== Exercise aim ==
Print exactly the line that contains "Feliz familia multigeneracional" along with every line beneath it to the end of the records below, and omit pictures.

[Start of Attachment]

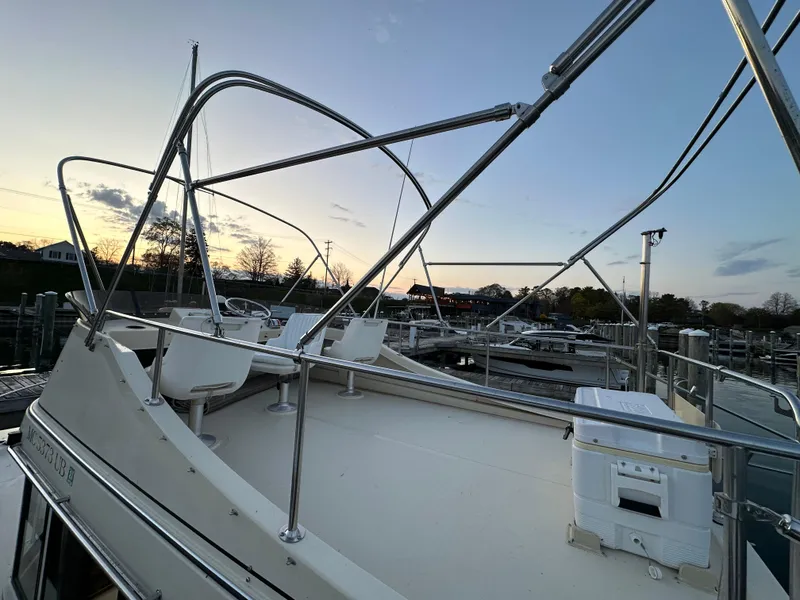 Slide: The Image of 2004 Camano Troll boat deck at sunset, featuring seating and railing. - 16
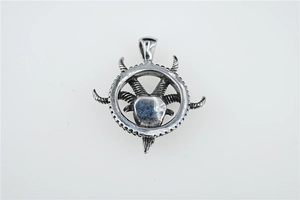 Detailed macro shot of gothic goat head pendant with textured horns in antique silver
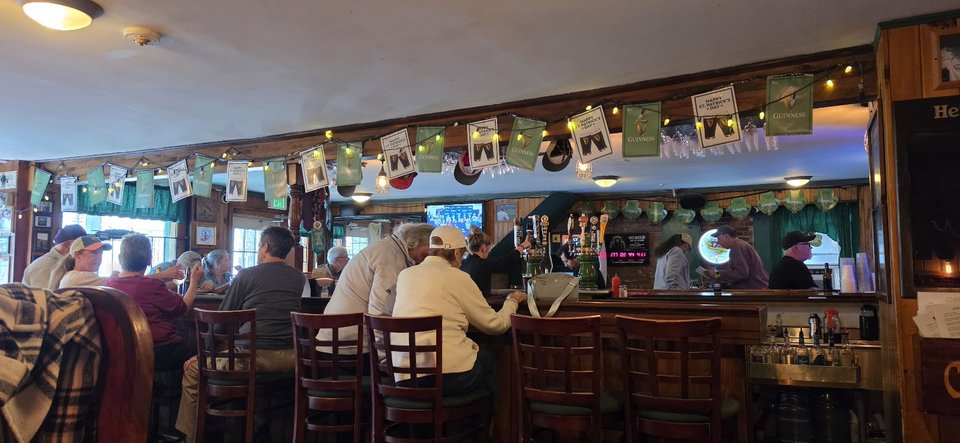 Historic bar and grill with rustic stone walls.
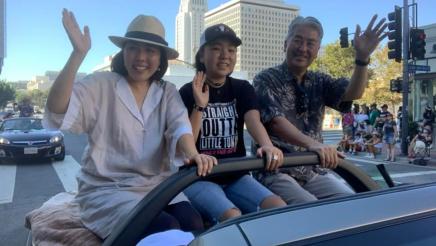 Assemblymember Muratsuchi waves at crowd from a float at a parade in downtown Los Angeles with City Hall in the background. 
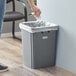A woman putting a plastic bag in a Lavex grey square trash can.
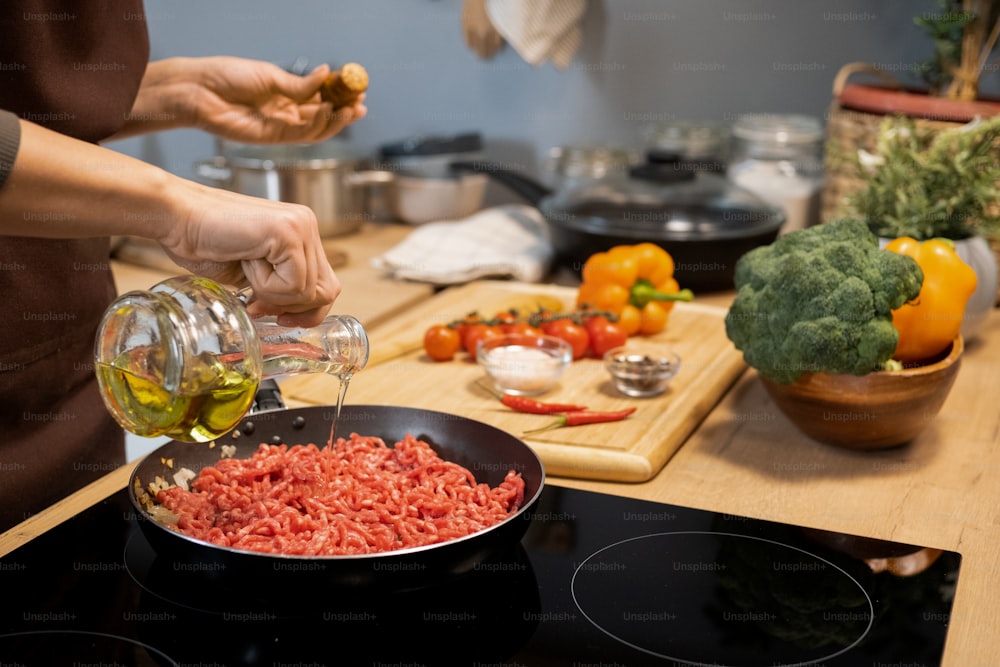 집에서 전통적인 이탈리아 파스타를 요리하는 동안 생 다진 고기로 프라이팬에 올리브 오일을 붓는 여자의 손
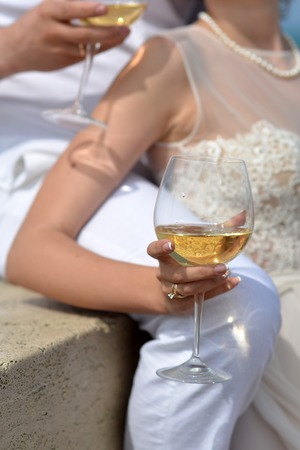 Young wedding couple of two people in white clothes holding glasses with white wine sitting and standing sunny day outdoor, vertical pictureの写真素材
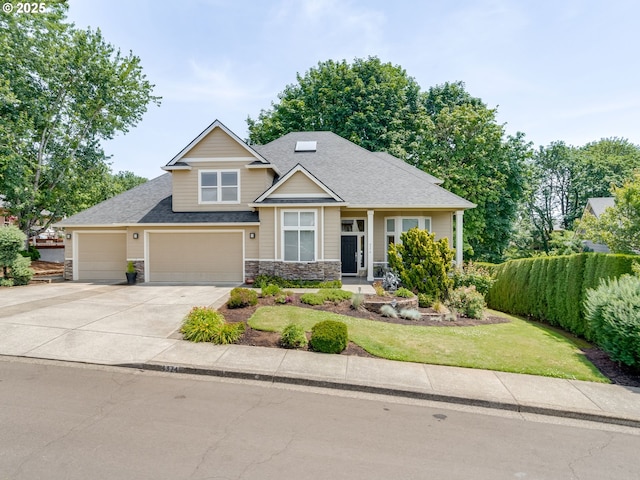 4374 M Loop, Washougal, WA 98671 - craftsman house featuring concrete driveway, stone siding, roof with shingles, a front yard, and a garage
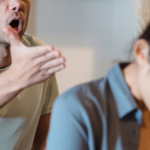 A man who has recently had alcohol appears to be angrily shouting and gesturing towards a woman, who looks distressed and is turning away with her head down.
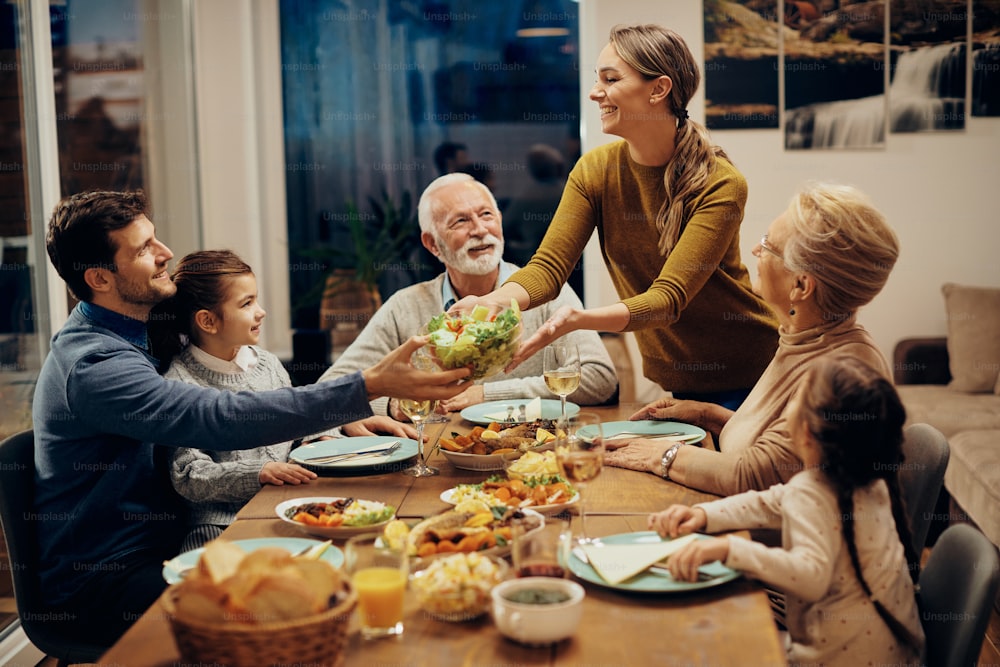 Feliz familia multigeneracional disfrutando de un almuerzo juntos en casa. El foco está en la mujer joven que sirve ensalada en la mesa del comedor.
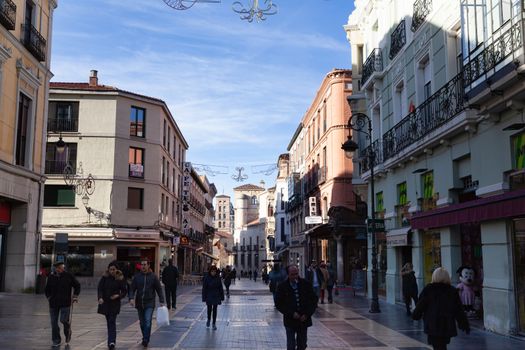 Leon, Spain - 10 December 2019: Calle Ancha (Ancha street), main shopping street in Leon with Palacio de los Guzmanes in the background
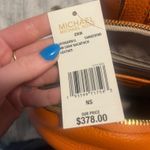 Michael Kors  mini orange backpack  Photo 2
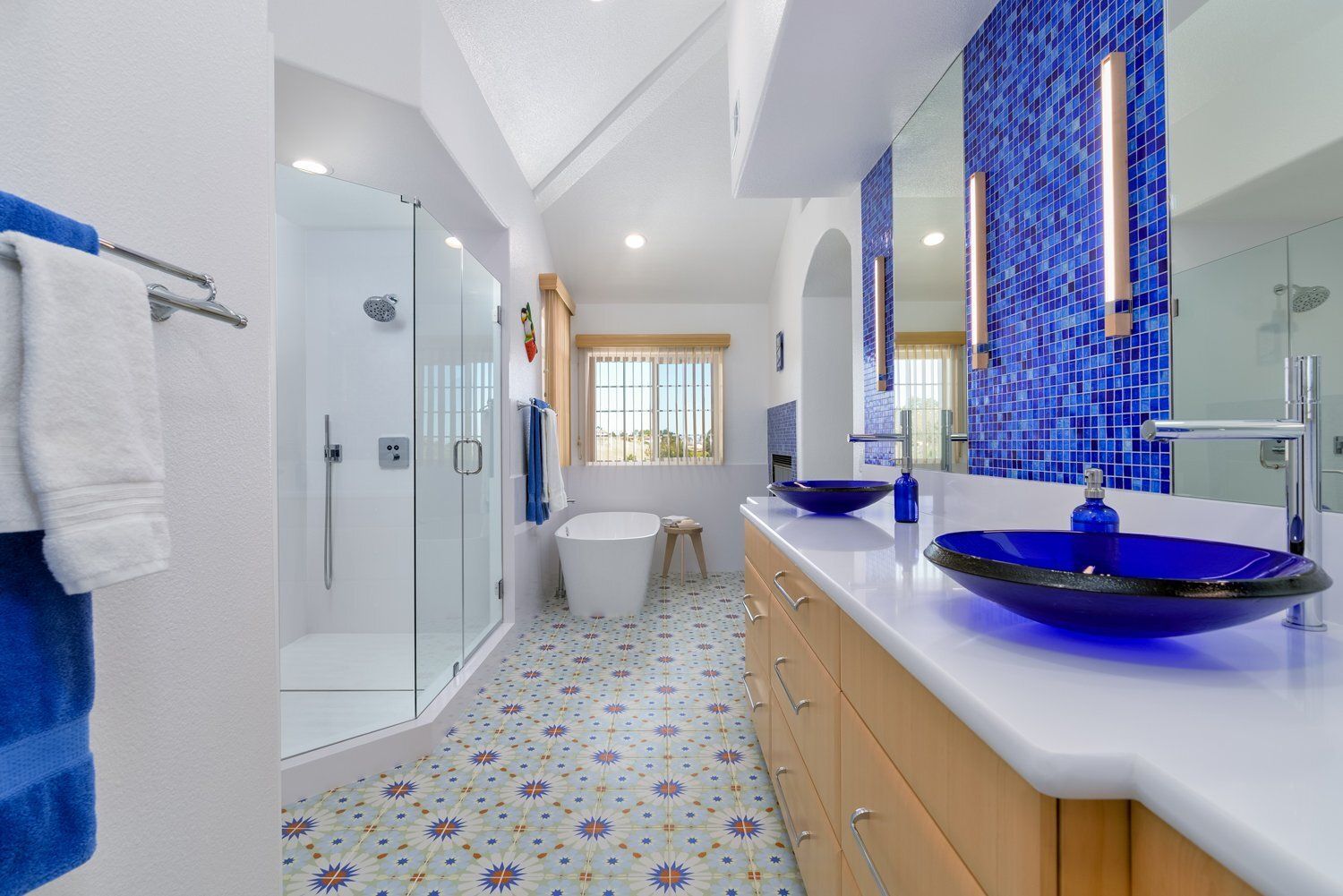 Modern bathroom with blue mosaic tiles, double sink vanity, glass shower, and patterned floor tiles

[End of Attachment]

== Solution to this problem ==
 Feliz familia multigeneracional disfrutando de un almuerzo juntos en casa. El foco está en la mujer joven que sirve ensalada en la mesa del comedor.
 Leon, Spain - 10 December 2019: Calle Ancha (Ancha street), main shopping street in Leon with Palacio de los Guzmanes in the background
 Michael Kors  mini orange backpack  Photo 2
 Modern bathroom with blue mosaic tiles, double sink vanity, glass shower, and patterned floor tiles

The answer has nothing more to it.